La respuesta sencilla sería culpar a la tecnología o a las redes sociales. Y aunque algo de verdad hay en eso, bien sabemos que las respuestas simples sólo ofrecen una perspectiva limitada, incapaz de abarcar las múltiples variables y complejidades del mundo moderno.
A mi llegada a Europa, uno de los grandes descubrimientos fue la soledad de las diásporas. El sentimiento de abandono aparece en el migrante que, por distintas realidades, tuvo que dejar su hogar. Poco a poco, su alma empieza a extrañar aquello con lo que su espíritu se había alimentado. La falta de su cultura, de compartir con seres queridos, o incluso el acceso a otros alimentos y preparaciones, tiene una fuerza invisible pero demoledora. A veces, es capaz de apagar esa llama intensa y colorida que arde en el corazón latinoamericano cuando piensa en su patria.
Me contó una amiga que lleva más de dos años en España que su vida se había reducido a una rutina de subsistencia: de la casa al trabajo, del trabajo a la casa. El extrañamiento empieza entonces a cerrar conexiones. Por eso, es cada vez más común encontrar en las apps de citas un intento de comunidad, de crear lazos, de sentir pertenencia. Sin embargo, ¿a qué costo estamos jugando este juego?
Aunque sea este uno de los factores menos relevantes cuando lo pensamos a nivel existencial, debemos contemplar que en el plano netamenete económico, el costo para el individuo que “paga” por evitar la soledad es alto. La ganancia se la lleva la empresa que capitaliza cada interacción, cada swipe, cada suscripción premium. Mientras que de lado y lado hay dos seres humanos anhelado el amor, el deseo, la necesidad de conexión —todo se monetiza. El algoritmo no está diseñado para que encuentres pareja o amistad, sino para que sigas buscando, enganchado en un ciclo sin fin de consumo emocional disfrazado de oportunidad.
En el plano de la realización personal, podemos ver como a nivel personal, el impacto es aún más profundo. El tiempo, que es nuestro recurso más valioso, se invierte en relaciones superficiales, muchas veces vacías. Se busca saciar deseos inmediatos, alimentar el ego o producir una dosis rápida de dopamina. La conexión genuina, la construcción paciente de vínculos duraderos, pierde valor frente a la inmediatez de un match.

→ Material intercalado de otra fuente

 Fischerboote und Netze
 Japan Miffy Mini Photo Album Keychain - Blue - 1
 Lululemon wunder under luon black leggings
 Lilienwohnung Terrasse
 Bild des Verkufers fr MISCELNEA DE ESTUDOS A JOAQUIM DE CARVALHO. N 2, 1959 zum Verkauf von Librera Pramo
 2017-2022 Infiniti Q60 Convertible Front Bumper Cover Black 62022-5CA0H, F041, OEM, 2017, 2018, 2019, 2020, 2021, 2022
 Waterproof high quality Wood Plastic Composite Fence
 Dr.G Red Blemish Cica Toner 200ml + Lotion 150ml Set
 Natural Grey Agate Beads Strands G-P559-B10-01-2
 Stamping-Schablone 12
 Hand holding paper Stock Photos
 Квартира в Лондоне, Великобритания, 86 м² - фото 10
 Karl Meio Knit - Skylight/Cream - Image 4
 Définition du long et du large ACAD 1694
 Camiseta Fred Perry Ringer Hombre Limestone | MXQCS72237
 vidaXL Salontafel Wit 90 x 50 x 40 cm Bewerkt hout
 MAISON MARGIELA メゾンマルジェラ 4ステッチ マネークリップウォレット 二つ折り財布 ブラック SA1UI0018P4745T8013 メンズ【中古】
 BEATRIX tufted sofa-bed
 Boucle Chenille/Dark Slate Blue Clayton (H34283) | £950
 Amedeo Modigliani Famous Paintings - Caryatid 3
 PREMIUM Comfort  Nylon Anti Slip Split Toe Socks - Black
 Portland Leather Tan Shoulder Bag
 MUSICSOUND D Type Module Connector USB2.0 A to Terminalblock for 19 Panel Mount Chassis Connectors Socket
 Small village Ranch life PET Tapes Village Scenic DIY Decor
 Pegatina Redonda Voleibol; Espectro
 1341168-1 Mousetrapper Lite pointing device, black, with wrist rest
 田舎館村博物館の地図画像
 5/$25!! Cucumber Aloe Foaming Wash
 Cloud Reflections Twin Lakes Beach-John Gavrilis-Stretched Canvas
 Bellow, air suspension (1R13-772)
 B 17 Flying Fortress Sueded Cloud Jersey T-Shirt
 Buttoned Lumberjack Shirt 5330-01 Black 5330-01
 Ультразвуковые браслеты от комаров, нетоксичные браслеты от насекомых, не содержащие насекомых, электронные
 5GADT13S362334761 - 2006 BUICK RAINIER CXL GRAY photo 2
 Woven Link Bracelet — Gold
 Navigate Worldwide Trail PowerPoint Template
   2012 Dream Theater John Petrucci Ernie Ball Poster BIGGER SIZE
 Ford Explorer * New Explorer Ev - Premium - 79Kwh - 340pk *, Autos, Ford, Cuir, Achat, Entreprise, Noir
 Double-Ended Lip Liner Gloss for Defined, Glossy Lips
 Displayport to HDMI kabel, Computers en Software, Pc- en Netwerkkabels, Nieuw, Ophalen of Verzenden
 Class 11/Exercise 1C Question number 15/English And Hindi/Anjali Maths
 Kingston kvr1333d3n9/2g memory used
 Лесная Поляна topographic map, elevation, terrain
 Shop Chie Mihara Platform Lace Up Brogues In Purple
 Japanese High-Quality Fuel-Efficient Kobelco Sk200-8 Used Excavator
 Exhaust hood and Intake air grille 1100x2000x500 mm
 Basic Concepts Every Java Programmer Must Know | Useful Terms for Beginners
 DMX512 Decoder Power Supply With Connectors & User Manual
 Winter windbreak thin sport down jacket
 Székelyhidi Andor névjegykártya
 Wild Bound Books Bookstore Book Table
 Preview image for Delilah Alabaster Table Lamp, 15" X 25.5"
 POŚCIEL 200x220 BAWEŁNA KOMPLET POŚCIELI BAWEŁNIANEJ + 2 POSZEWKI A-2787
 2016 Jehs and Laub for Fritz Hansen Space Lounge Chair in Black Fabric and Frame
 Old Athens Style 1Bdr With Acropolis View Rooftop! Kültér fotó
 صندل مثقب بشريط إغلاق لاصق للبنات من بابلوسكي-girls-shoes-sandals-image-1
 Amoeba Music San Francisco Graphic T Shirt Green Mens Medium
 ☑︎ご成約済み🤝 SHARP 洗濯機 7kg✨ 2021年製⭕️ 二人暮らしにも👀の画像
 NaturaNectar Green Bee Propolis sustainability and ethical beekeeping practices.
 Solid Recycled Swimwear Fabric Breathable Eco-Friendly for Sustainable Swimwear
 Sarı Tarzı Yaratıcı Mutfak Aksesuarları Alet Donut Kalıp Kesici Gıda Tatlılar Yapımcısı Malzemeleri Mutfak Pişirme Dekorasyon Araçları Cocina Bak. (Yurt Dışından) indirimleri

Finalmente, podemos ver como el impacto a nivel social, sus efectos serán a mediano y largo plazo; es angustiante pensar que estamos construyendo microuniversos que ignoran la diversidad. Cada uno se convierte en su propia burbuja digital, consumiendo contenido personalizado que refuerza sus propias creencias, deseos y gustos. A través de transmisiones en vivo, historias o reels, formamos parte de una gran estructura sin diálogo ni comunidad. Redes como TikTok limitan la experiencia del mundo real. Se reemplaza la caminata espontánea o el café con amigos por la interacción segura desde la pantalla. Lo digital se vuelve el único paradigma posible.
Y entonces, nos preguntamos: si las redes nos conectan, ¿por qué nos sentimos tan solos? Porque quizás, en este nuevo mundo de hiperconectividad, lo que perdimos no fue la posibilidad de hablar, sino la capacidad de escuchar, mirar a los ojos y quedarnos en silencio junto a otro sin necesidad de filtros ni algoritmos.
Desde Lapislázuli Periódico queremos invitarte a reconectar con lo esencial: ¡volvamos a encontrarnos con nuestra propia existencia!
Sal al parque, anímate a tomarte una selfie… ¿y si te dejas invitar un café?
Porque al final del día, ¿de qué nos sirve estar hiperconectados, acumulando experiencias en internet, si con ello perdemos la capacidad de asombrarnos con lo más simple: disfrutar lo que tenemos a nuestro alrededor?